0
Yorum
0
Beğeni
0,0
Puan
535
Okunma
Son zamanlarda toplumsal alışkanlıklarımızın değişimi ve dönşümünün seyrini anlamak için internet ve cep telefonunun tarihçesine bakmak yararlı olur. Değişimin dinamosu dijital teknoloji.
90’ lı yılların ortalarından itibaren ülkemizde bilgisayar kullanımı hızla gelişti.2000 yılından sonra cep telefonlarıyla tanıştık. Dijital teknoloji son hızla gelişti. İnternet ve sosyal medya bütün dünyayı sardı, vazgeçilmez oldu.
Onun iyiye kullananlar olduğu gibi fuhuş,kumar, kaçakçılık vb.çeteler kötü amaçları doğrultusunda kullandılar. Netin sihirli gücünü görmeyen,bilmeyen kalmadı..Yasal suçlarla dijital dünyada mücadele etmek için ulusal yasal düzenlemeler yapıldı. Genç nesil ilgili yasalara sansür dedi, yürüyüşler yaptılar. Ayrıca ulusal kanun düzenlemeleri başka ülkelerdeki sitelere ne yapabilir?

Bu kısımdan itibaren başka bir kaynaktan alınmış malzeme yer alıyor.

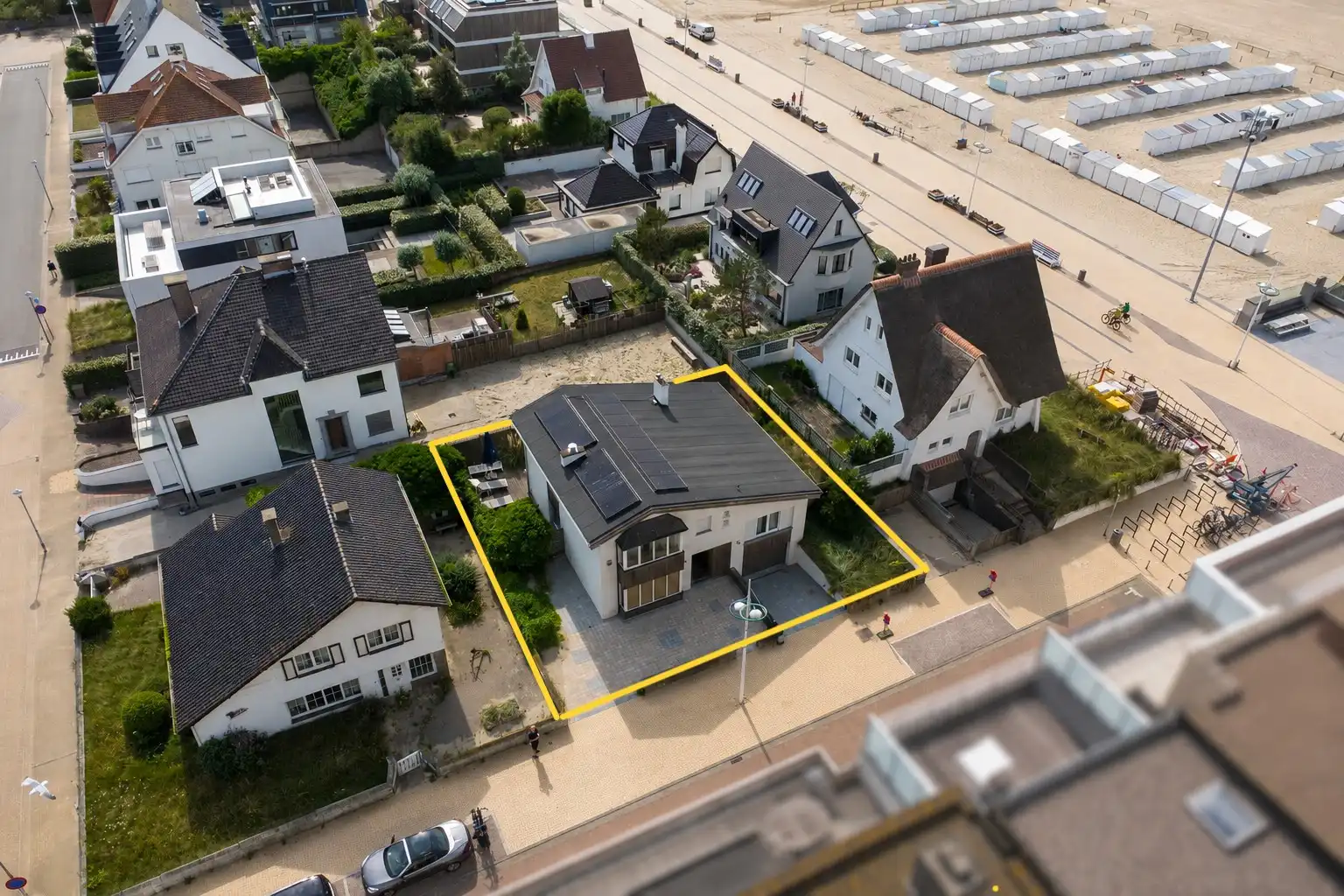 Alleenstaande villa met unieke signatuur in de rustige Strandwijk van Zeebrugge foto 41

Nette insanları yönlendirmek, algı oluşturmak yani maniplasyon yapmaya çalışan geniş bir kesim olduğunu düşünmezsek saflık etmiş oluruz. Kişisel bilgilerimiz büyük oranda sır değil artık. İlgi alanımıza nelerin girdiği takip edildiğinden ona göre kişiye özel reklamların servis edildiğini dikkat etmişizdir.
Dezenformasyon; bir kişiye, gruba, kuruma veya ülkeye zarar verme amacı ile kasıtlı olarak oluşturulan ve üretilen yalan-yanlış bilgileri ifade etmektedir. Dijital medya alanlarının yaygınlaşması bilgiye ulaşımı kolaylaştırması yanında bilgi kirliliği de oluşturmuştur. Artık ’ben kül yutmam’ denilemeyecek bir durundayız.
Sosyal medyada yalan haber ve yanlış bilgilerin nasıl yayıldığını araştıran Massachusetts Teknoloji Enstitüsü (MIT) tarafından yapılan bir araştırma, sosyal medyada, yanlış bilgi içeren tweetlerin, doğru bilgi içeren tweetlerden 6 kat daha hızlı yayıldığını ve kullanıcılara ulaştığını ortaya koydu. Araştırma ayrıca, sosyal ağlarda yanlış bilgilerin yayılması konusunda en büyük faktörün bot hesaplar olmadığını ve gerçek kişiler olduğunu göstermesi bakımından da kayda değer. 3 milyon kişi tarafından 4,5 milyon kez paylaşılan 126.000 haber öğesinden oluşan bir veri seti ile çalışılan araştırmada, doğru olduğu doğrulanan haberlerin yayılmasını, yanlış olduğu gösterilen hikâyelerin yayılmasını karşılaştırmak için kullandılar. Gerçek nadir olarak 1000’den fazla Twitter kullanıcısına ulaşırken, en tehlikeli yalan haberlerin rutin olarak 10.000’den fazla kişiye ulaştığı ortaya çıktı. (guvenliweb.org )
Araştırmadan, düşünmeden sosyal medyada gördüğü her bilgiyi,haberi doğru kabul edenlerin çok olması ve yalan haberleri başkalarına iletmeleri bir gün sona erecek mi, bakalım.
Bizim dönemimizde yaşamış bazı kimseler, akıllı telefonun piyasaya çıkmadan önceki günleri çok özlediğini ifade ediyorlar. Farkındaysak komşuluk, sohbet,muhabbet, yüz yüze iletişim yok eskisi gibi. Evet, teknolojiye karşı duramayız. Fakat mesele o değil.
Günde ortalama 5-6 saat cep telefonunda oyun oynayan, önemli miktarda boş geçen vakitlerinin hesabını yapmayan, odasına kapanıp saatlerce telefonundan ayrılamayan öğrencilik çağındakii gençlerin derslerde ilgisiz ve başarısız oldukları ne zaman fark edilecek?